Le Voyage à Paimpol est un appel à toutes les femmes — et assimilé·es — à prendre la route, à revendiquer l’espace entre nos lieux attitrés (la maison, le travail, le mari, l’enfant), tout cet espace où les femmes ne sont ni attendues ni autorisées, à y pénétrer, à l’occuper, à le traverser, à l’habiter. Un appel à prendre le large et à écouter ce que le corps dit de nous, nos rêves plein la tête, nos amours plein le cœur, nos désirs plein le ventre.

À offrir à nos mères, nos grands-mères, nos belles-mères et nos tantes, à offrir à toutes celles qui ont eu des envies de départ, qu’elles n’ont pas eu le temps ou l’énergie d’écouter, qu’elles ont réprimées au fond d’elles, à offrir à toutes celles qui sont restées sans bien comprendre pourquoi, pour qu’elles lisent que c’est légitime / possible / la bonne décision à prendre, pour qu’elles entendent la voix de toutes les autres et qu’elles se rendent compte qu’elles ne sont pas seules. À offrir à tous ceux persuadés de toujours trouver « leurs » femmes entre la cuisinière et le réfrigérateur. Spoiler alert : les femmes sont partout, sauf là où vous pensez les trouver.

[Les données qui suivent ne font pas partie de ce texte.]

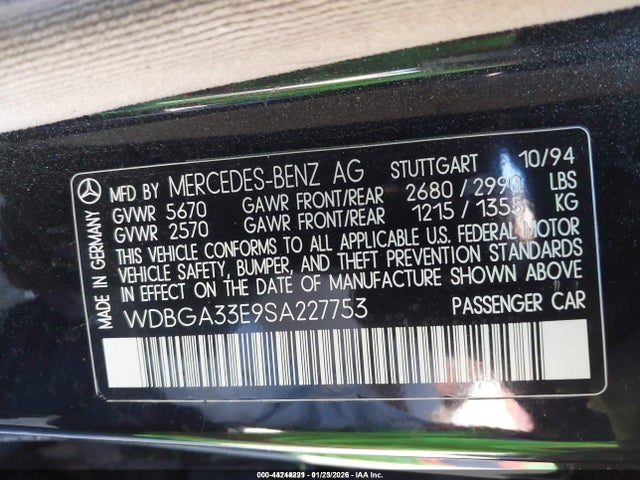 Auction sale of the 1995 Mercedes-benz S 320, vin: WDBGA33E9SA227753, lot number: 44244221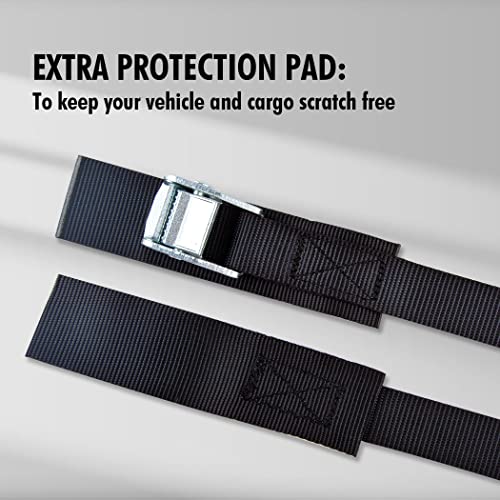 Cartman 1" x 15 ft Cam Buckle Straps, 4 Pack, 600 lb Break Strength, Black - color: Black, size: 4 PK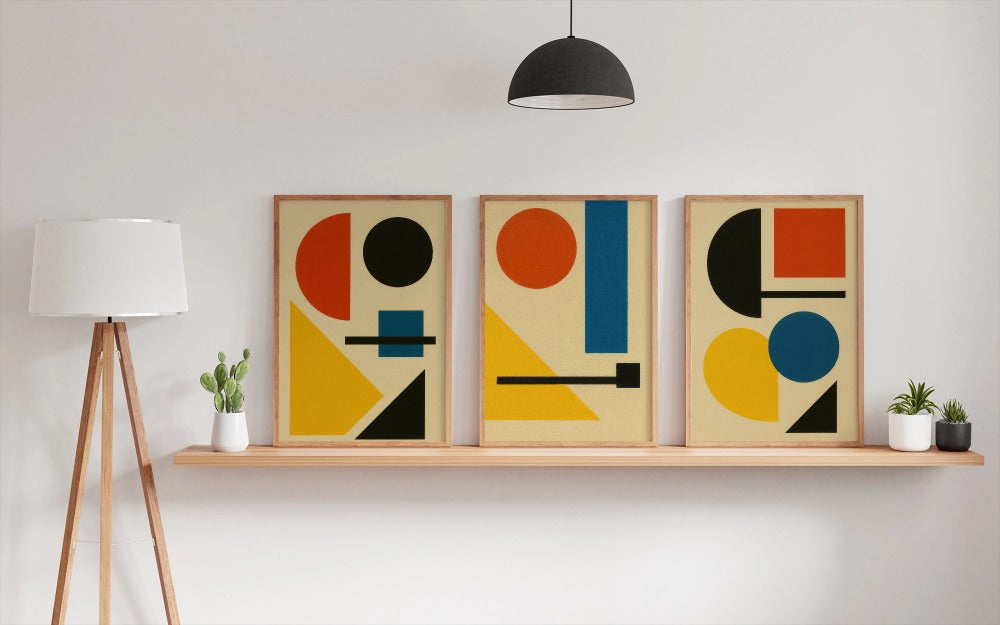 Bauhaus Shapes Bold Geometric Canvas Wall Art Set of 3 – Artezans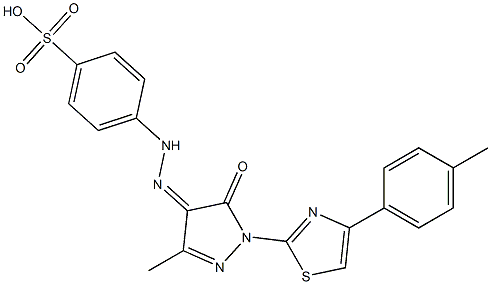 4-(2-{3-methyl-1-[4-(4-methylphenyl)-1,3-thiazol-2-yl]-5-oxo-1,5-dihydro-4H-pyrazol-4-ylidene}hydrazino)benzenesulfonic acid 结构式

Où se procurer ce livre ? Gratuitement en bibliothèque municipale (catalogue des bibliothèques municipales de Paris, liste des bibliothèques de France) + neuf en librairie pour 12 € (liste non exhaustive des libraires en France) + d’occasion en librairie de seconde main (type Gibert, Boulinier…) + d’occasion sur des sites de seconde main (type Recyclivre…). N’oublions pas qu’en France, le prix du livre neuf est unique, c’est-à-dire qu’un livre neuf a le même prix partout, peu importe où on l’achète : alors, si on le peut, privilégions les librairies indépendantes et proches de chez nous. Merci à Jeanine qui m’a recommandé et prêté ce livre !


La fiche d’identité du livre : Le Voyage à Paimpol, Dorothée Letessier, Gallimard, collection L’Imaginaire, préfaces de Maylis de Kerangal et Rebecca Zlotowski, 2025, 160 pages. Le Voyage à Paimpol est publié pour la première fois au Seuil en 1980.